Growers have no spare cash in the coffers to cover extra production costs, stresses Ward. “We’ve delivered amazing value for money, margins that are 1-2% at best, then when we’ve had this super-inflation over the past year, there’s no hiding place, there’s no surplus nest in the system to finance it. Energy in some cases, particularly gas and electricity, has gone up four-fold. Who is going to shoulder those additional costs? Up and down the country there are empty glasshouses that last year would have been growing cucumbers and tomatoes.”

Has Brexit also contributed to the current supply crisis? Ward states: “Brexit is a bit of a smokescreen for what’s actually sitting at the heart of this. It’s much more about the prices that retailers are prepared to pay UK growers for continuity of supply.”

When will tomatoes be back on the shelves?

British Growers Association’s Jack Ward is optimistic supply will be restored quickly. He told us: “The retailers are saying two to three weeks. They will be in very, very close contact with their suppliers in Spain and Morocco and the thing they will all be asking is how quickly can we restore supply.”

Speaking on LBC London radio, former Sainsbury’s CEO Justin King said supermarkets will solve the problem reasonably quickly, claiming “in a matter of a small number of days”. He added: “On the whole, fair purchase policies – that’s what supermarkets call this – are the right way to manage it in the short term.”

Is there support on the way for British horticulture?

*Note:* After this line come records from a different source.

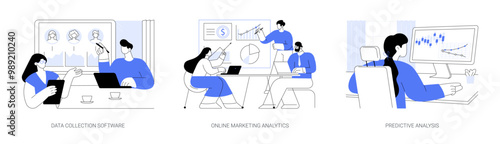 Use of Big Data isolated cartoon vector illustrations se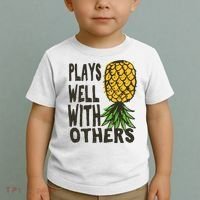 Swinger Couples Plays Well With Others Upside Down Pineapple Great Gift Toddler T-Shirt thumb 2
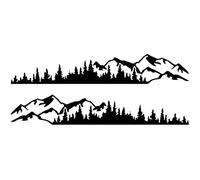 Mountain Car Decal, 2Pcs 74.80inch Black DIY Mountain Forest Car Graphics, Solid Color Self-Adhesive Sticker for Truck RV Trailer Decoration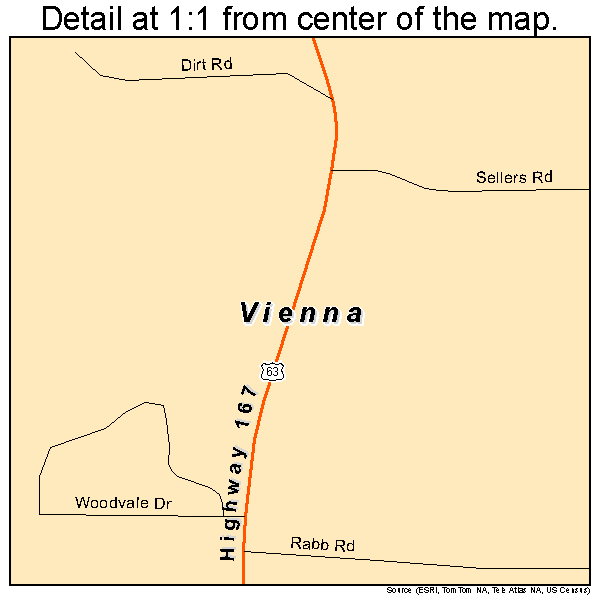 Vienna, Louisiana road map detail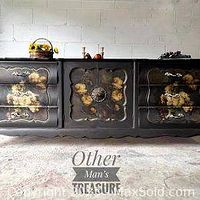 Full front view of grey solid wood dresser with floral decoupage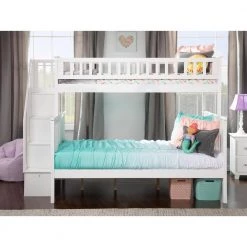 Woodland Staircase Bunk Bed Twin over Full in White by AFI -Outlet AFI Store white afi bunk beds ab56702 c3 1000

In a statement, Defra says: “We recognise the challenges farmers are facing due to global pressures on input costs, such as feed, fuel and fertiliser, and Defra has taken a number of steps to support the agriculture industry.” It says this includes increasing the number of seasonal workers visas for the horticulture sector to 45,000.

However, horticulture has been left out of the Government’s newly announced Energy Bills Discount Scheme (EBDS), which offers energy-bill support for businesses. (EBDS will take over from the current Energy Bill Relief Scheme that expires at the end of March.)

Former Sainsbury’s CEO Justin King says a lack of support from Government during the energy crisis has hit the horticulture sector hard.

“By far the biggest issue for that sector has been that the Government chose not to make it part of its energy support package. Without the support on energy, it’s not been economically viable to produce under glass during the winter this year in the UK.” King adds that salad vegetables used to be produced in the UK year-round. “In North Kent in Thanet, [had] the largest greenhouses in Europe, which used to be full of peppers, cucumbers and tomatoes. Sainsbury’s used to have year-round British tomatoes grown in those greenhouses.”

NFU’s Minette Batters says she has repeatedly pointed out how energy prices threaten next year’s UK-grown crops of tomatoes, peppers and cucumbers. She adds, not providing energy support to horticulture also seems at odds with the Government’s National Food Strategy, which includes ambitions to grow more fruit and vegetables. “While we accept that farming businesses can’t be insulated from long-term market realities, the Government must recognise that its current approach seriously undermines our ability to produce food,” says Batters.